As I was preparing to write this post about creeping "security" measures at an airport near me came news that a suicidal gunman had killed one person and wounded several at the Los Angeles airport (LAX). Reports are the killer specifically asked people if they "were TSA" referring to the unarmed personnel who herd people through the checkpoints at airports since the Transportation Security Administration was created following the events of 9/11.
Passengers wait at Terminal 1. At least 118 flights en route to LAX were canceled or rerouted; 135 departing flights were canceled. (Al Seib / Los Angeles Times / November 1, 2013) |
A friend wrote to me yesterday:
I was creeped out by the new security sequence you have to go through when you return to the Portland Airport. The EXIT sign pointed me to some doors that slid open suddenly and then closed behind me . I was in a small empty chamber like a prison cell.
A sign said "Keep moving", so I advanced toward the next closed doors. An electronic eye again opened the doors and closed them behind me, and I was in a second prison chamber, this one with a suspicious inspector sitting there.

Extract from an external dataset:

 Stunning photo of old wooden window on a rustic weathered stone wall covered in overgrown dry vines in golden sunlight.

I lumbered along, a 69 year old lady with a yellow backpack stuffed with clothes, and passed through, scot free, to the Portland Airport I was used to. Reagan National Airport had nothing like that for people who'd flown in. Why Maine?

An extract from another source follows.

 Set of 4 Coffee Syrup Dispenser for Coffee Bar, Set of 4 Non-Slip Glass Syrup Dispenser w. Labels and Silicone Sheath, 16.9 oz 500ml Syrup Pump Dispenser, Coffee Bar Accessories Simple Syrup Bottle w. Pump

Any more thoughts on this?Yes, Lynne, I have a few thoughts on this. My thoughts are about cameras and iris scans and other biometric pillaging of your former right to privacy. And dignity, really.
My husband thinks most in the U.S. have given up any notion of a right to privacy rather easily, with not much more than a shrug. But I'm not so sure.
As for why Maine -- Because we're a border state? A coastal state? With a toothless media? Because the small scale of arrivals to Portland's airport is ideal for a trial run of more invasive technology before it rolls out at airports in large urban areas? Because control of our abundant natural resources is in the sights of 1%?
The scene Lynne described reminded me of unmanned checkpoints used in Palestine to impede travel. A friend who traveled in the West Bank told me that if metal hidden beneath layers of clothes set the alarm off, the whole line would be held up while people helped a bewildered elderly person find a hidden coin. No human in charge of the machine, who can decide to let people through. The cameras need no human operator on this end.
So control robots are what your taxes buy now, for use at home and abroad. You're taxed to pay for your own "security." And that of Israel. And Egypt. Et cetera. Technology for machines even more effective at controlling humans is "developing" rapidly.
Yet a lonely man who was bullied through school and feels bullied by the TSA can arm himself with an assault rifle and bulletproof vest without any oversight at all. How convenient for the burgeoning security state when he snaps and goes on a violent rampage.
Surveillance is everywhere, yet we who reside in the USA seem to be a little less safe from violence with each passing day.